_THE TASK:_
From the line with "Macedonia Halkbank AD" to the line with "Cozy home office", retype every line exactly, including those two, and leave out the rest of the data below.

_SUPPLIED DATA:_
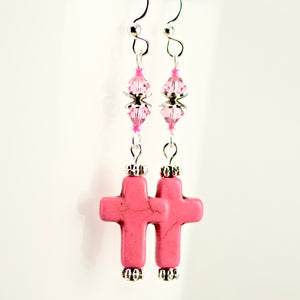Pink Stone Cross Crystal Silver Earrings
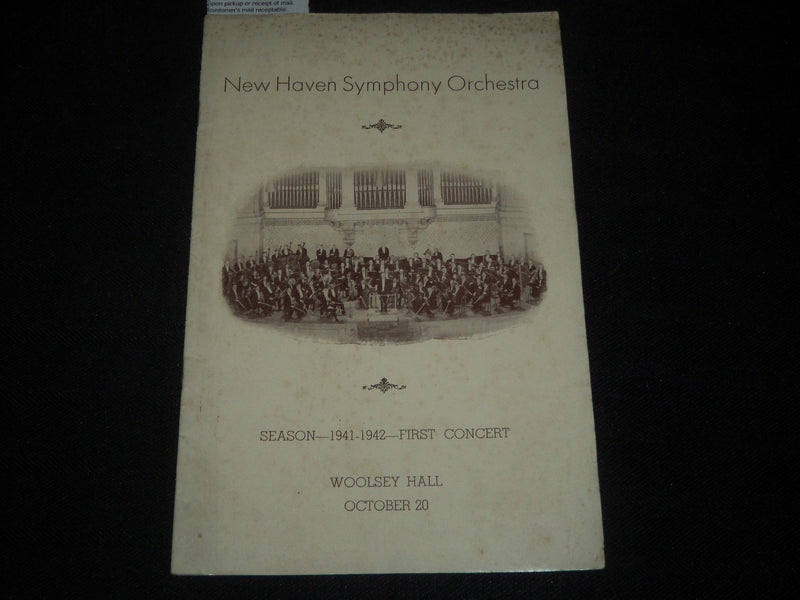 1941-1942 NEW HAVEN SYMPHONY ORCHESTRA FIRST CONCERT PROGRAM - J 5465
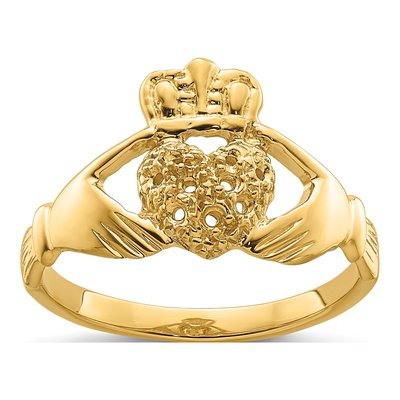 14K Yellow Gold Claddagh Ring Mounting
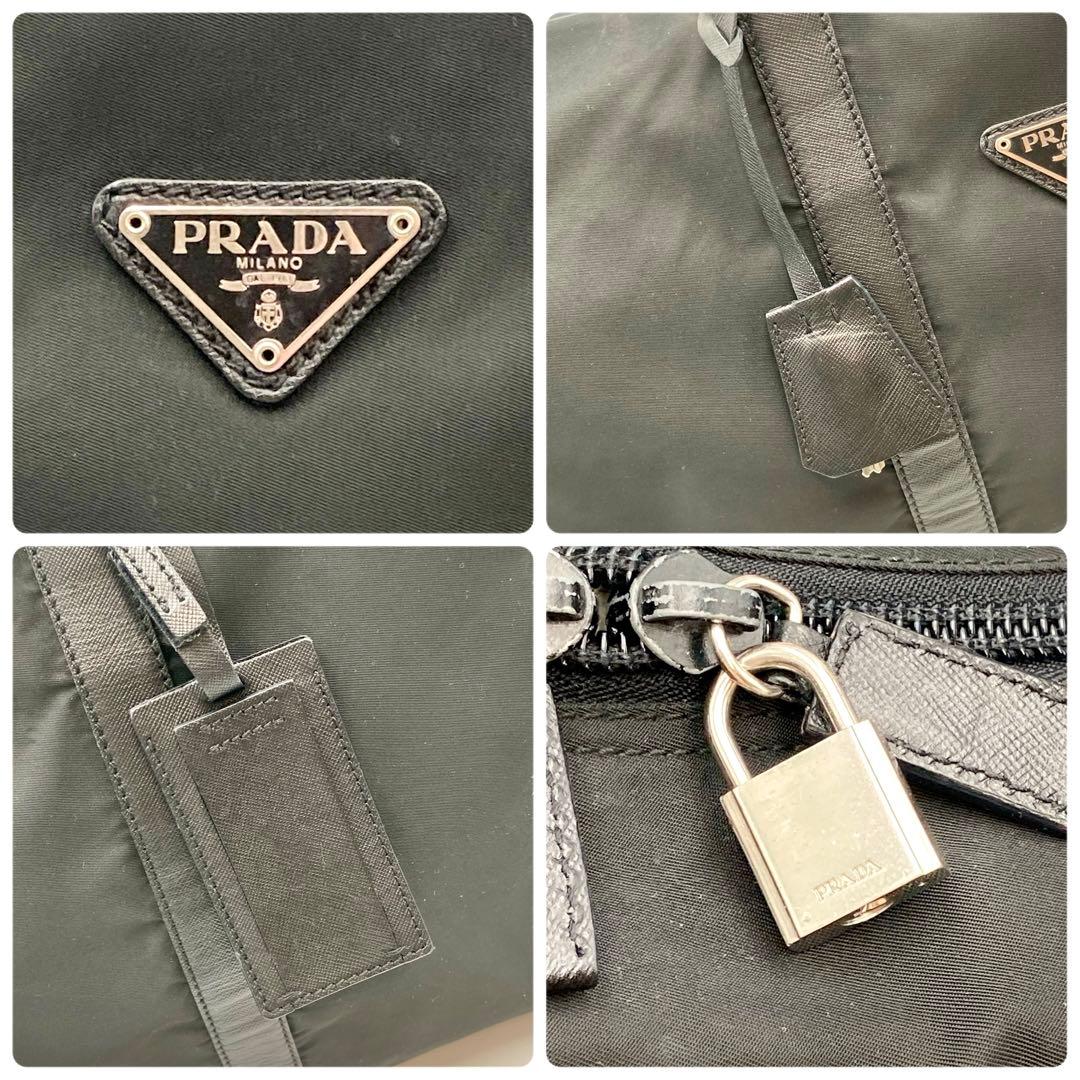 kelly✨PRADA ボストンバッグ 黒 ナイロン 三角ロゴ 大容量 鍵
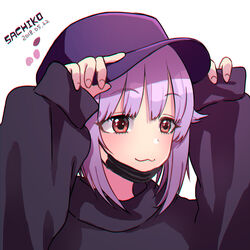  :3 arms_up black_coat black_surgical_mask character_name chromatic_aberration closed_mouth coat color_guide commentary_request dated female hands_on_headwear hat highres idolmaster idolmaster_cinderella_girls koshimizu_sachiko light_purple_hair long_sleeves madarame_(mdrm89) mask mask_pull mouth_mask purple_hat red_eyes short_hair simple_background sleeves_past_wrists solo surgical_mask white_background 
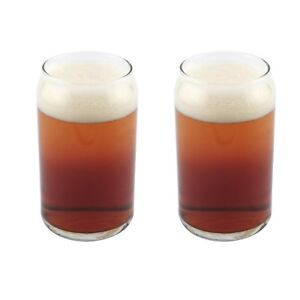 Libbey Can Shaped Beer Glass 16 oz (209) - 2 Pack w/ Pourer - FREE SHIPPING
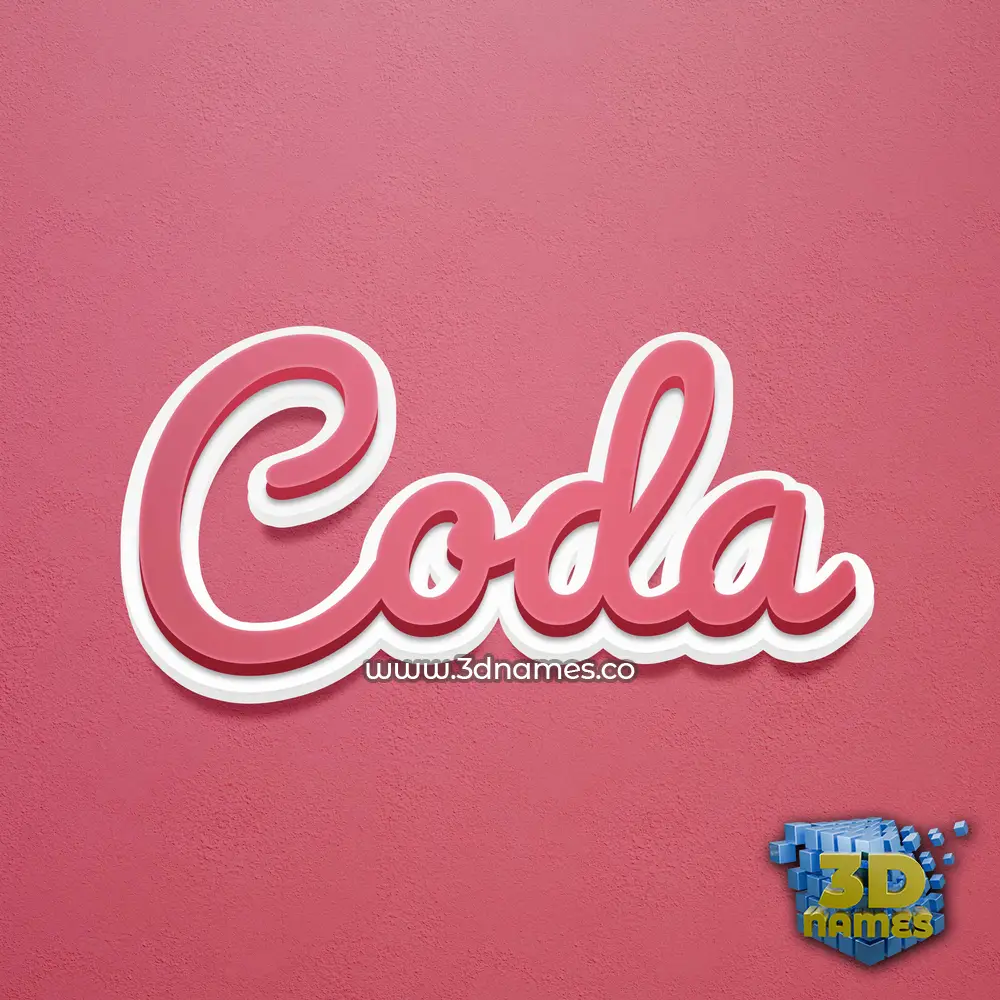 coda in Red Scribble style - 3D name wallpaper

---

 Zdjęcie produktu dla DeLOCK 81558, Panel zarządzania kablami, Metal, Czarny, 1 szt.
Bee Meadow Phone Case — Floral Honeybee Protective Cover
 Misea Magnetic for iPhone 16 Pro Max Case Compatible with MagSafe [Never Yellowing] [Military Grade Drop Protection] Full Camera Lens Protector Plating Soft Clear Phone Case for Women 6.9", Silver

---

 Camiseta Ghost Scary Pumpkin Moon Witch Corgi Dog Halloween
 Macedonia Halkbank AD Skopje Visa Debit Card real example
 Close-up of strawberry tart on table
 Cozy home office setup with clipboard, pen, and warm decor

_RESULT:_
 Macedonia Halkbank AD Skopje Visa Debit Card real example
 Close-up of strawberry tart on table
 Cozy home office setup with clipboard, pen, and warm decor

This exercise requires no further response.